## SUPPLIED INFORMATION

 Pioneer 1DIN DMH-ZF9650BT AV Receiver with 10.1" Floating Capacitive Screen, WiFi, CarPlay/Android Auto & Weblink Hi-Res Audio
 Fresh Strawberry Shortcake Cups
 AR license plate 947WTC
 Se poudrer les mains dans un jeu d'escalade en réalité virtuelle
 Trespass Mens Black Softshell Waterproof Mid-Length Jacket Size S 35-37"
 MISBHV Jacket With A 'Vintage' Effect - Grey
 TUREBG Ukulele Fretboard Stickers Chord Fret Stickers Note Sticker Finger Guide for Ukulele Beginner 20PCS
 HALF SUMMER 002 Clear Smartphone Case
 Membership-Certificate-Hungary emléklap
---
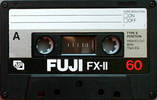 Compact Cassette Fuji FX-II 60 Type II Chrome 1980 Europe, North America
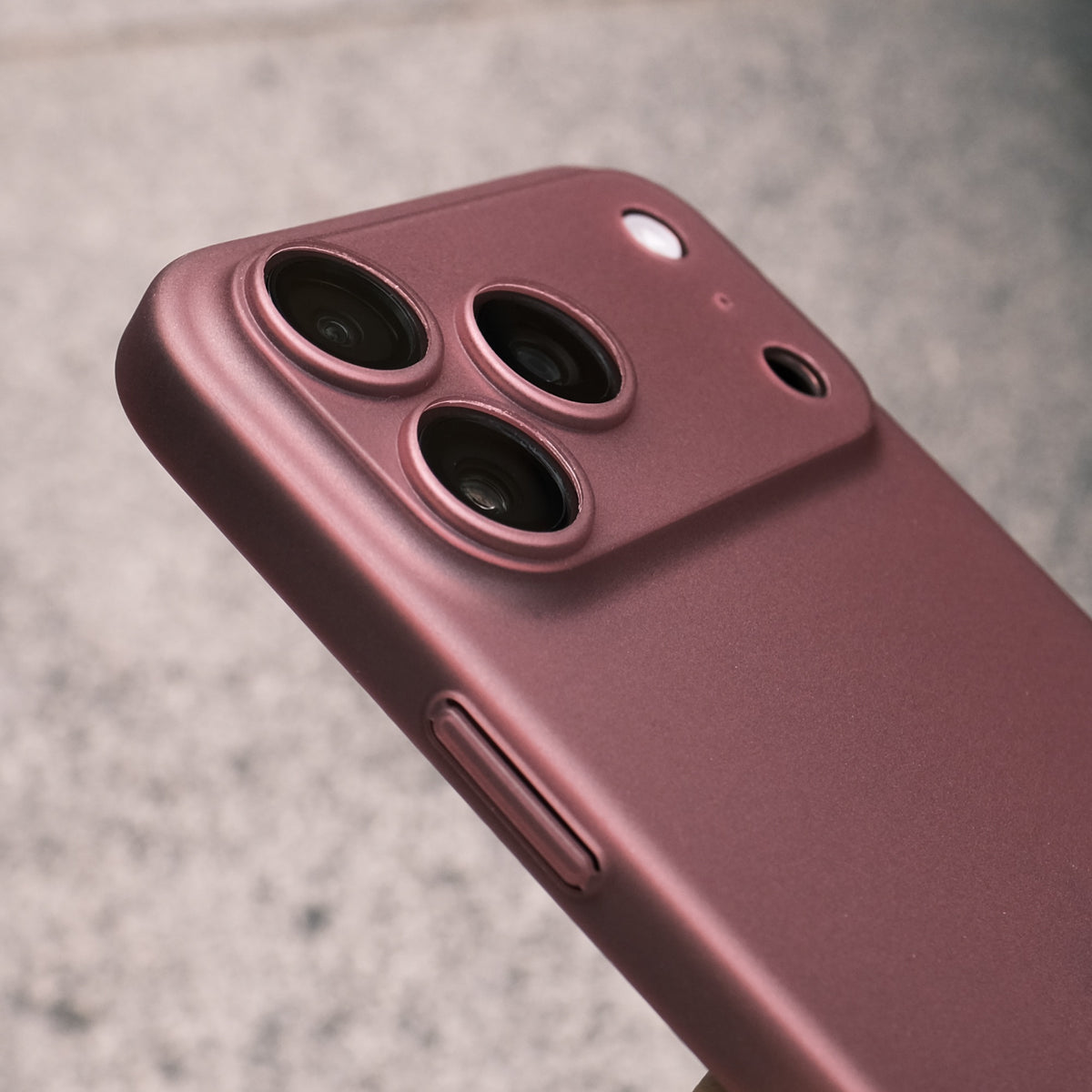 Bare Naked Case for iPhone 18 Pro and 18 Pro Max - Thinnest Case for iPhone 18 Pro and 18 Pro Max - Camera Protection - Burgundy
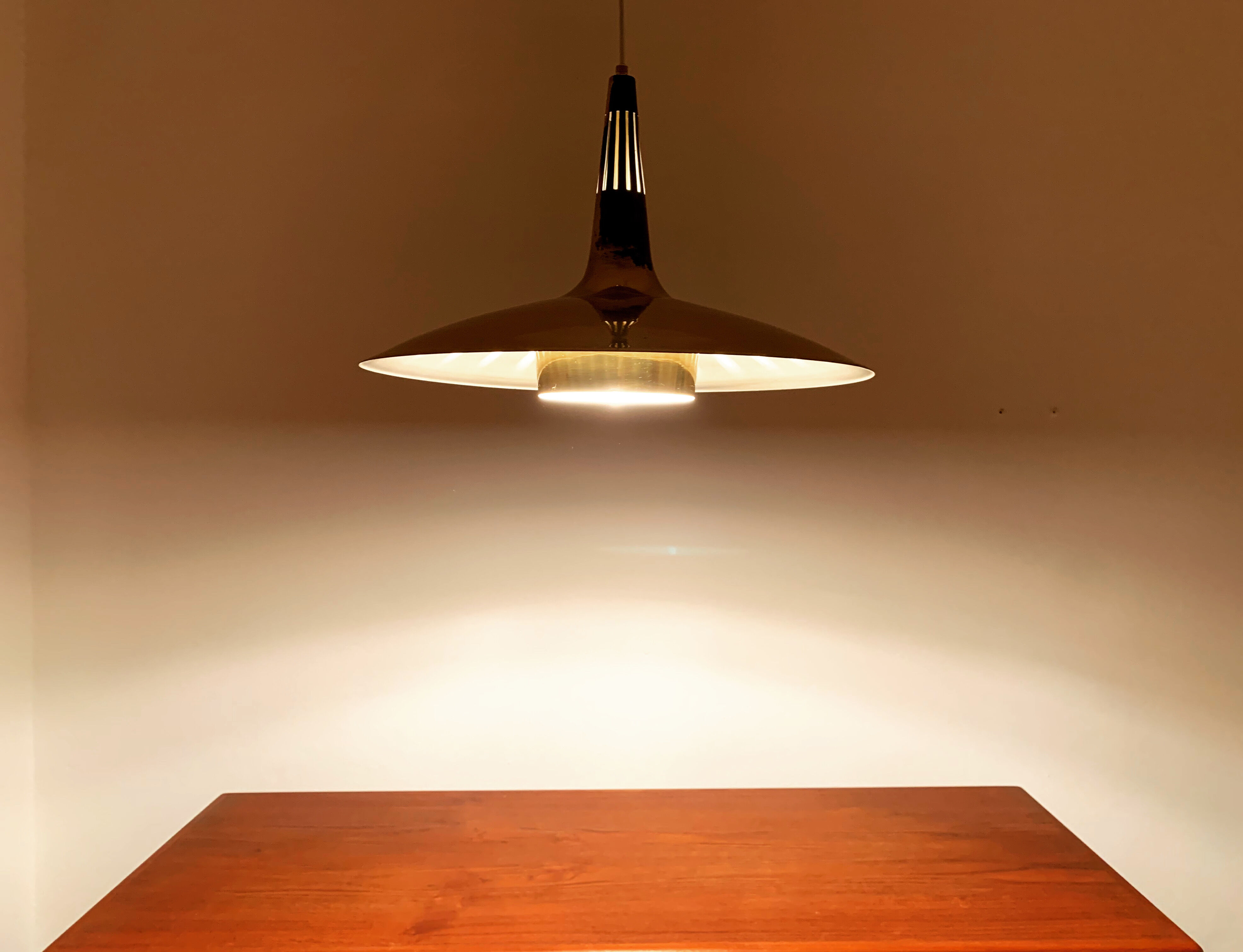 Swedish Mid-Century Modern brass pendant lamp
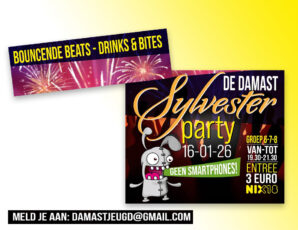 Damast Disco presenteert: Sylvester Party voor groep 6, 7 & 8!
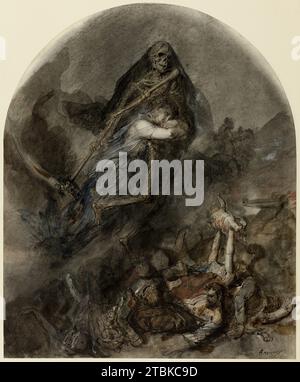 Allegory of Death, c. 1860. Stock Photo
...
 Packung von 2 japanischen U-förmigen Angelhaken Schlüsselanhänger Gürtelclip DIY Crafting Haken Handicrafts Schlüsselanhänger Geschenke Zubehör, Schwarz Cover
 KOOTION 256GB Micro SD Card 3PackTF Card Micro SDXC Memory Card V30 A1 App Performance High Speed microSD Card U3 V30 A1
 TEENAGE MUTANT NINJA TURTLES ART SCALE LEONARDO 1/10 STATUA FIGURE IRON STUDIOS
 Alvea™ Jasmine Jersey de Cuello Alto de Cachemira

## EXERCISE DETAILS
Transcribe the lines above between the line holding "TUREBG Ukulele Fretboard" and the line holding "Membership-Certificate-Hungary emléklap", inclusive, exactly as they stand and with nothing added.

## WRITTEN SOLUTION
 TUREBG Ukulele Fretboard Stickers Chord Fret Stickers Note Sticker Finger Guide for Ukulele Beginner 20PCS
 HALF SUMMER 002 Clear Smartphone Case
 Membership-Certificate-Hungary emléklap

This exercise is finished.